Wednesday, September 16, 2009

The Gift of Wisdom

Wisdom: A Gift of the Holy Spirit

By Scott P. Richert, About.com

One of the Gifts of the Holy Spirit:

Wisdom is one of the seven gifts of the Holy Spirit enumerated in Isaiah 11:2-3. They are present in their fullness in Jesus Christ, Whom Isaiah foretold (Isaiah 11:1), but they are available to all Christians who are in a state of grace. We receive the seven gifts of the Holy Spirit when we are infused with sanctifying grace, the life of God within us—as, for example, when we receive a sacrament worthily. As the current Catechism of the Catholic Church notes, "They complete and perfect the virtues of those who receive them."

The First and Highest Gift of the Holy Spirit:

Wisdom is the perfection of faith. As Fr. John A. Hardon, S.J., notes in his Modern Catholic Dictionary, "Where faith is a simple knowledge of the articles of Christian belief, wisdom goes on to a certain divine penetration of the truths themselves." The better we understand those truths, the more we value them properly. Thus wisdom, the Catholic Encyclopedia notes, "by detaching us from the world, makes us relish and love only the things of heaven." Through wisdom, we judge the things of the world in light of the highest end of man—the contemplation of God.

The Application of Wisdom:

Such detachment, however, is not the same as renunciation of the world—far from it.

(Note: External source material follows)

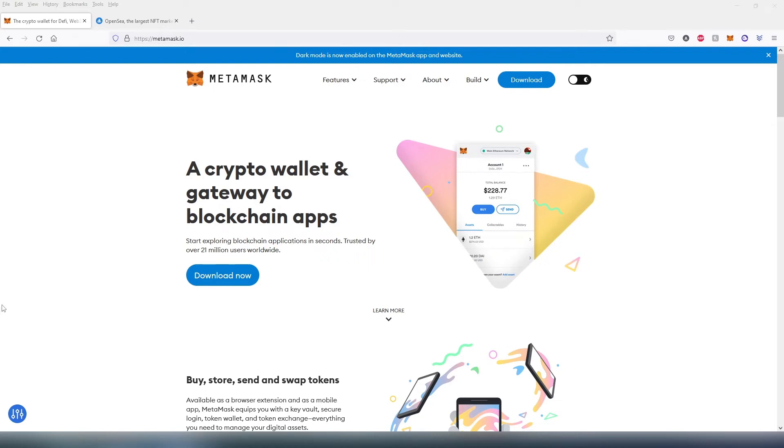What's up everybody, in this video I'm going to show you how to view or transfer your NFT using MetaMask wallet on desktop computer.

Rather, wisdom helps us to love the world properly, as the creation of God, rather than for its own sake. The material world, though fallen as a result of the sin of Adam and Eve, is still worthy of our love; we simply need to see it in the proper light, and wisdom allows us to do so.

Knowing the proper ordering of the material and spiritual worlds through wisdom, we can more easily bear the burdens of this life and respond to our fellow man with charity and patience.